A subgroup of body-function symbol-images has to do with sex. Masturbation, as Jones uses it, represents an individualism based upon self-love or it represents love which cannot find external connectives and therefore is turned within…. Homosexuality and heterosexual perversion may be considered as broadly symbolic of misuse of creative energies, as a deliberate turning from what is natural and good, as a degeneracy, as an avoidance of reality. (p. 72)
[Heterosexual intercourse] indicates the closest possible human interaction. This relationship may be on the physical level, but most of the time it is representative of a spiritual or emotional intimacy in which there is, ideally, a mutually beneficial, intimate giving and getting. (pp. 72-3)
In Jones' works, sterility is often symbolized by urination (he uses the term "pee" and its forms). The opposite symbol would be productive orgasm. Urination implies a useless, wasteful, and unproductive expenditure of creativity.
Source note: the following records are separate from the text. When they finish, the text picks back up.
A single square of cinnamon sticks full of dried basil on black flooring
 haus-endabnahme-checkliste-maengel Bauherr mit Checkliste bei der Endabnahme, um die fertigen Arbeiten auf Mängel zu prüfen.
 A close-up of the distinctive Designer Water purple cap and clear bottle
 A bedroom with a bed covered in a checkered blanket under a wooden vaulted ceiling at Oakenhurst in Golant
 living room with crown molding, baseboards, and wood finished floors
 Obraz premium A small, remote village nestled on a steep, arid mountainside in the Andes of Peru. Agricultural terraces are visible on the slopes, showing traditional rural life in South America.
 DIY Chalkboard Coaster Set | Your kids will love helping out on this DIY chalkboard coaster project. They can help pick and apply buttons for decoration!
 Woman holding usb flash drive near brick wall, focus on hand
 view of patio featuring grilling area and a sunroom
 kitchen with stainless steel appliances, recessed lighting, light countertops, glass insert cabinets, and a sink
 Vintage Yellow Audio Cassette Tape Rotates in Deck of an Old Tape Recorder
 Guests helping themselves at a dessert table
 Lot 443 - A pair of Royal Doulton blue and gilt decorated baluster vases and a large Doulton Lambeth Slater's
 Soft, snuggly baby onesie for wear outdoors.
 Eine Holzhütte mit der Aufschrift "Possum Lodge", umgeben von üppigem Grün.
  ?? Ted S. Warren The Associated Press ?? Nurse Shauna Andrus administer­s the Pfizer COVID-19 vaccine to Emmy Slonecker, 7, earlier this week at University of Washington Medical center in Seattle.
With this in mind, a reading of Jones' The Toilet grows richer in symbolism, for he frequently has his characters urinating, flushing urinals, and the like, indicative of the unproductivity and misdirection of their actions in effecting respect and love….
The last symbol-image to be considered here is dance, which he uses to depict the total experiencing of life, for immersion into life. This being so, when Lula entices Clay to dance with her [in Dutchman], she is enticing him to engage wholly in her way of life, and on her terms. (p. 73)
[There] are Jonesian passages that defy rational paraphrase or explication. When he writes of "24 elephants" stomping out of the subway "with consecrated hardons" he is enigmatic. But perhaps that is what he intends, an enigma. (p. 74)
[The] study of LeRoi Jones' life reveals a gifted young person who while living a racially integrated life during the late 1950's and early 1960's became a major literary figure in the intellectual and artistic avant-garde; who then turned from this social, intellectual, and artistic ambience to become the leading theoretical and practicing black cultural nationalist, a community leader, and a political organizer and catalyst…. Jones' characteristic ways of perceiving and thinking show the following: he conceives of culture as the total of life's activities and of art as process; he anticipates the atrophy of Western culture and a concomitant rise of a black culture; he gives some evidence of being anti-white America, anti-Semitic, and anti-Negro middle-class, or positively stated, he is strongly pro-black (not pro-Negro). He believes in the superiority of separatism and active resistance over assimilation and passive resistance as methods of dealing with America's race problems. He advocates cultural, social, spiritual, economic, and political black populist nationalism…. [His] characteristic modes of expression reveal a versatile writer keenly aware of the power of words as laws—that is, as a means of molding public attitudes and ultimately as a means of attaining and maintaining power; highly inventive in the use of language; dadaistic in matters of mechanics and form; humorous both in a general way and satirically; original, occasionally to the point of being cryptic, in style; and highly original and personal in the use of figurative language, particularly in the use of symbol-images.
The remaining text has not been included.